Change is needed at the individual, departmental, structural, cultural, and process levels to improve women doctors’ experience8 and the population’s health. Too often, people mistake women doctors for other staff members or for more junior staff and therefore miss the opportunity to discuss treatments and draw on their expertise. The Medical Women’s Federation suggests a campaign for the public, with posters exhorting, “Your doctor is a woman—ask her about your treatment options rather than telling her she is pretty.”9 Other posters suggest things that other staff should and shouldn’t say to women doctors and medical students, as well as prompting supervisors to prioritise skill development and shared decision making.9

Retention and support

Last month NHS England launched a review of postgraduate medical training,10 and 57% of resident doctors are now women.11 The postgraduate training years should be structured, financed, and planned to get doctors through to deliver decades of excellent future service, with residents becoming consultants, GPs, and SAS doctors. These few years are a bottleneck that often coincides with pregnancy, breastfeeding, looking after small children, or returning from leave. Too many have a difficult experience, leave, or make career decisions based on negative perceptions about this phase of life.12 Resident doctors feel pressure to cover rota gaps1213 while also facing intense competition for posts.14 An increase in training posts, some perhaps converted from locally employed doctor posts, would improve wellbeing now and soon deliver a valuable part of the future senior NHS workforce.
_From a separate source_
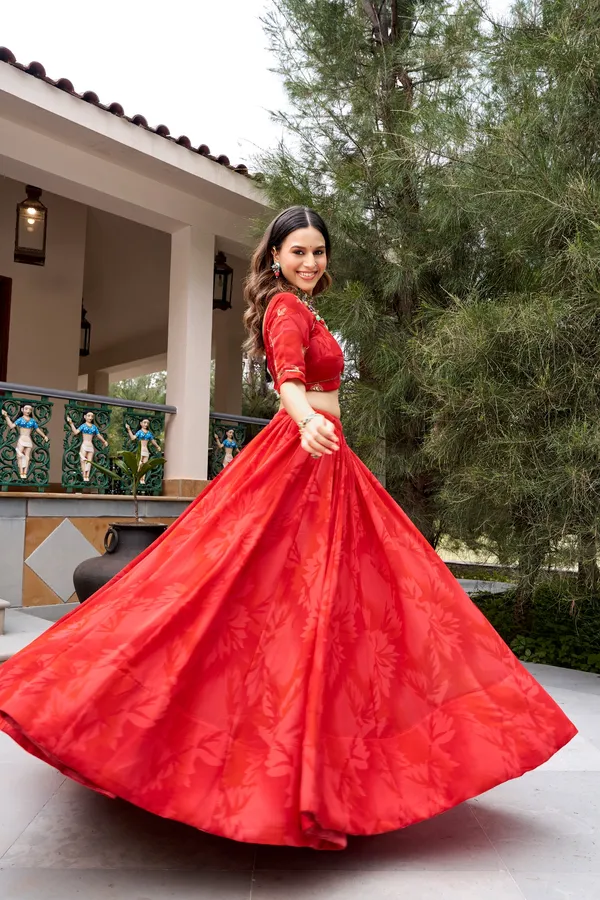 Coral_Red_Gulab_Floral_Embroidered_Lehenga_Choli_with_Dupatta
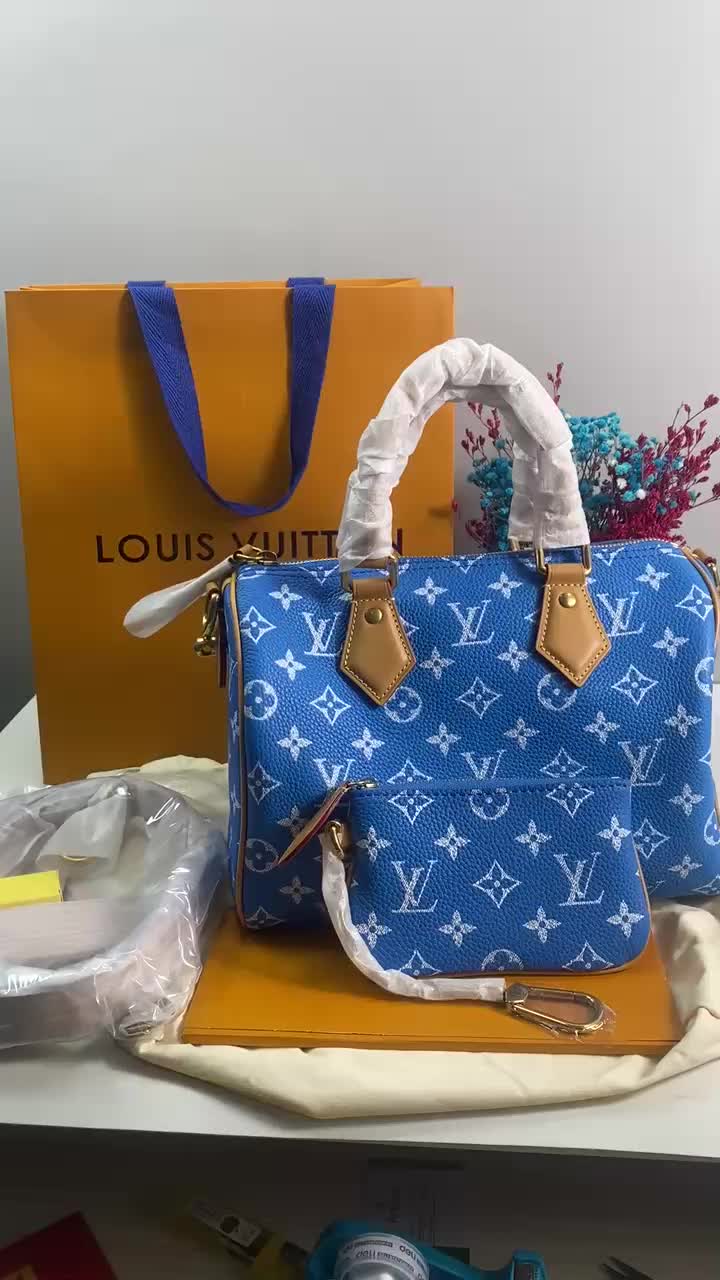 @Qiqi118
Doctors, especially resident doctors, spend up to half their time on administrative work.12131516 Normalising doctors’ assistants17 and other support roles would help retain women doctors, increasing the time and flexibility they need to develop essential competencies for progression. To benefit from a larger talented pool of potential NHS leaders, all NHS clinical leadership roles should be advertised as role shares, with adequate administrative and other support.

We need to value each other and nurture everyone’s talent. If we can improve training, clinical and administrative support, and professional interactions for women doctors, we will improve these aspects for all doctors. Redefining health for the nation needs women doctors to be valued.

Footnotes

  • Competing interests: Scarlett McNally is a consultant orthopaedic surgeon, president of the Medical Women’s Federation, and deputy director of the Centre for Perioperative Care.

  • Provenance and peer review: Commissioned; not externally peer reviewed.